The goal of our writing workshops is to help individuals grow either creatively or professionally. We do this through traditional creative writing workshops and through professional writing workshops that are focused on topics like publishing, grant writing, and business plan development. Our primary audiences are Veterans and victims of and witnesses to war and geopolitical violence—individuals whose experiences may not have afforded them the opportunity to yet learn these skills. However, we also offer plenty of classes to general audiences, though the class topics gravitate toward our themes.

Upcoming Workshops

The Witnessing Poet: Navigating the Personal and the Collective

What: Poetry that bears witness to personal and historical trauma, war, and grief, demands both immediacy—the ability to bring a reader directly into a moment—and urgency—the necessity of speaking difficult truths. But how do poets balance raw experience with reflection? William Wordsworth described poetry as emotion recollected in tranquility, but for those writing about war, grief, and historical trauma, this luxury is often unavailable.

In this workshop, we will consider the difference between personal testimony and inherited witnessing, as well as strategies for evoking lived experience versus reflecting on history. We will examine how poets navigate the personal and the collective, writing from both direct experience and the responsibility of bearing witness to others’ suffering. Our primary focus will be engaging with and strengthening participants’ own poetry, exploring how poetic techniques—such as syntax, pacing, omission, and sensory detail—create urgency, immediacy, and authenticity.

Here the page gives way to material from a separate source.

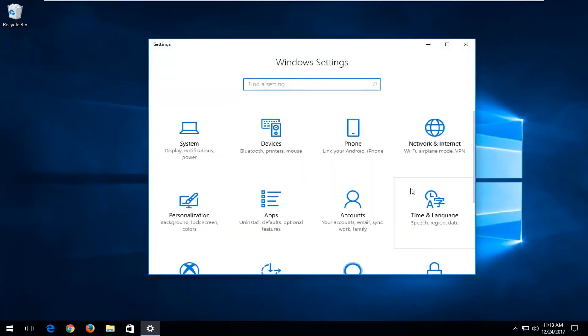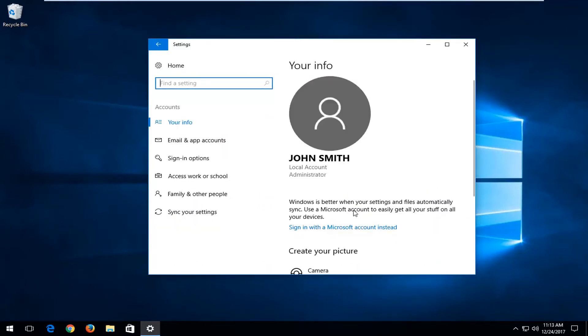Now that you're on a screen that looks like this, you want to left-click on the accounts tile. You want to left-click on sign-in options on the left side here.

  • Session 1: Witnessing and the Poetic Lens
  • Session 2: Crafting Urgency and Immediacy
  • Session 3: Navigating the Personal and the Collective
  • Session 4: Refining and Deepening the Work

After this class, participants will be able to point to a deeper understanding of how to balance immediacy and urgency in their poetry, particularly when writing about personal and collective trauma. They will leave with practical techniques for crafting authenticity—using syntax, pacing, omission, and sensory detail to heighten emotional impact—while also recognizing the power of reflection and restraint. Through readings, discussion, and writing prompts, they will have explored different modes of witnessing, from personal testimony to inherited history, and gained strategies for navigating these complexities in their own work. Most importantly, they will walk away with strengthened drafts and a refined awareness of how form, voice, and perspective shape the weight and resonance of a poem.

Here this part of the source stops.